Citing a range of research (such as that of psychologist Barbara Killinger), Brooks observes that “people willingly sacrifice their own well-being through overwork to keep getting hits of success.” Despite these sacrifices, Brooks concludes, “The goal can’t be satisfied; most people never feel ‘successful enough.’” In turn, we are stuck in a “hedonic treadmill” that keeps us running until we are overly exasperated, hoping and pining for another high. Brooks compares this to what some psychologists have called the “post-Olympic blues” – a fog that leaves us lost in a world lacking our traditional milestones, metrics, and objectives.
As a solution, Brooks encourages us to “chase happiness instead of success, no matter where you are in your life’s journey.” He offers three clear recommendations for making this a reality:
The first step is an admission that as successful as you are, were, or hope to be in your life and work, you are not going to find true happiness on the hedonic treadmill of your professional life. You’ll find it in things that are deeply ordinary: enjoying a walk or a conversation with a loved one, instead of working that extra hour, for example. This is extremely difficult for many people. It feels almost like an admission of defeat for those who have spent their lives worshipping hard work and striving to outperform others. Social comparison is a big part of how people measure worldly success, but the research is clear that it strips us of life satisfaction.
The second step is to make amends for any relationships you’ve compromised in the name of success. This is is complicated, obviously. “Sorry about choosing tedious board meetings—which I don’t even remember now – over your ballet recitals” probably won’t get the job done. More effective is simply to start showing up. With relationships, actions speak louder than words, especially if your words have been fairly empty in the past.
The last step is to end the right metrics of success. In business, people often say, “You are what you measure.” If you measure yourself only by the worldly rewards of money, power, and prestige, you’ll spend your life running on the hedonic treadmill and comparing yourself to others. I suggested better metrics in the inaugural “How to Build a Life” column, among them faith, family, and friendship. I also included work – but not work for the sake of outward achievement. Rather, it should be work that serves others and gives you a sense of personal meaning.
Brooks’ approach clearly represents a healthier approach than the narrower norms of status-seeking we tend to see in American life. Indeed, his recommended equation for a “happy life” – “faith + family + friends + work” – offers a grounded, well-rounded roadmap for whole-life flourishing.
Yet if our goal is ultimately “chasing happiness,” we are still likely to find ourselves stuck in the pursuit of self and all the baggage that comes with it. Wherever hedonism is given room to rule, we will find the hedonic treadmill humming in the background. Brooks seems to understand this, given that much of his argument is focused around love and centered around others.
But knowing this, might we tilt the emphasis a bit? Rather than chasing success and happiness, we’d do better to chase creative service – toward God, toward neighbor, and driven by a love that unites heart, mind, and hand.
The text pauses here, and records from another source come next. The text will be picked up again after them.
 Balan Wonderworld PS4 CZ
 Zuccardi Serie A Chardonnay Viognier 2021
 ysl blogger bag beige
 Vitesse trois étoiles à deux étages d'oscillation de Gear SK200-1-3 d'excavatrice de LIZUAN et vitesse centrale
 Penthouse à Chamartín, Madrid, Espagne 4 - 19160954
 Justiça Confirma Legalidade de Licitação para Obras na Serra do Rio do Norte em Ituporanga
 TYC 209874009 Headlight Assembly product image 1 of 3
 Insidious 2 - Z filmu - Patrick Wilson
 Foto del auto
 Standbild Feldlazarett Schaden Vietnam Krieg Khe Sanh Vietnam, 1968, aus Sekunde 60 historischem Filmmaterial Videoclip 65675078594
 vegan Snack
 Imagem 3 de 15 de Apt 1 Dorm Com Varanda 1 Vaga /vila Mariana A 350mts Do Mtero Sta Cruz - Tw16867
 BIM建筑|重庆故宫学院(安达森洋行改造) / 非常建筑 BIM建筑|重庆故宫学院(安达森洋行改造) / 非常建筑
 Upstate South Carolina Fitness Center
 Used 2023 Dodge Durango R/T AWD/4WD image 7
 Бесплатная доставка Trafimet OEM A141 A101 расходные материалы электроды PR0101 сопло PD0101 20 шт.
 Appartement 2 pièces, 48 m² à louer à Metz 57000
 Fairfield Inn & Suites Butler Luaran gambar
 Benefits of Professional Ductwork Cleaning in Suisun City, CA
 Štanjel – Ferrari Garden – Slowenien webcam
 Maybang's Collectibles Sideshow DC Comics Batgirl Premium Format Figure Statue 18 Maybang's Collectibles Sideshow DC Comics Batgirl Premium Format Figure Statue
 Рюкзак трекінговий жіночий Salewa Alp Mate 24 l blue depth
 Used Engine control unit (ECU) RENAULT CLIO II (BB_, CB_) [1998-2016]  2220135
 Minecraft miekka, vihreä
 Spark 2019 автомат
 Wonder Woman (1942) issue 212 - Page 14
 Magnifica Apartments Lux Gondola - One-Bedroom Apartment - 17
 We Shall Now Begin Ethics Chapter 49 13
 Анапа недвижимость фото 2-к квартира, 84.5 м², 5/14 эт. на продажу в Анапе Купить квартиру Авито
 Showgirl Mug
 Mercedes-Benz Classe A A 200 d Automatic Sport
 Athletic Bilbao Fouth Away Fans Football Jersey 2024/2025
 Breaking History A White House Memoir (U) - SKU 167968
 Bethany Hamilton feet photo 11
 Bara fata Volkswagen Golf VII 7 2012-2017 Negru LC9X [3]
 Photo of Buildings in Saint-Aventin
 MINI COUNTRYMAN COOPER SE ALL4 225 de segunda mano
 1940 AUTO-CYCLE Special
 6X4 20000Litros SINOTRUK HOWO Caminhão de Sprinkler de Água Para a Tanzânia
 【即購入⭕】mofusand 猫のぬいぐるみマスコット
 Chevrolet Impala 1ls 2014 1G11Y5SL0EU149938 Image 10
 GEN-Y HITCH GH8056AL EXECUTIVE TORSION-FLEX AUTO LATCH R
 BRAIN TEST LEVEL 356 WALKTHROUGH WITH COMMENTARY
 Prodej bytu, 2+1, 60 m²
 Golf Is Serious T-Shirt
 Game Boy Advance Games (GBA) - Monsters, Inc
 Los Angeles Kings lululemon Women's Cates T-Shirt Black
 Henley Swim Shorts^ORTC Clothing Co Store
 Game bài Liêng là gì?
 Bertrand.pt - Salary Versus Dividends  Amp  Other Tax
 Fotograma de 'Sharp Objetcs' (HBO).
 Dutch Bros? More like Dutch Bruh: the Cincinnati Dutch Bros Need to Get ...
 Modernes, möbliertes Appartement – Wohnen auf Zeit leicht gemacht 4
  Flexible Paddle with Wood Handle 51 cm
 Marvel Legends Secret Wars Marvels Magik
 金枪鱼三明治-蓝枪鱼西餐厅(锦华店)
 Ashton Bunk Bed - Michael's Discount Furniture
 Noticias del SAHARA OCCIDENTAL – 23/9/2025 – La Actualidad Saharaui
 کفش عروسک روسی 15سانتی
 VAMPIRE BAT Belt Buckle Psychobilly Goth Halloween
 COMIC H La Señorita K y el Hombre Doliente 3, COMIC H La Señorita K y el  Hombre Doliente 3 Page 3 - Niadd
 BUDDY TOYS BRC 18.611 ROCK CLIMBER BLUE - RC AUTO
In shifting our perspective in this way, the key components Brooks elevates truly come to life, bringing meaning to life in return.
Rather than being torn between competing idols of self-actualization, we can instead shift our imaginations toward a deeper and fuller vision of work and service across all of our lives, one that has little regard for our own indulgence. It operates, instead, according to a bigger picture of loving our neighbor.
Once we realize that all is a gift – across family, business, community, culture, and religious life – we no longer strive after materialistic means, whether for status and fame or our own cozy feelings. To the contrary, our generosity will lead us to work, our work will lead us to creative service, and our creative service will lead us to more love, more fellowship, and more flourishing.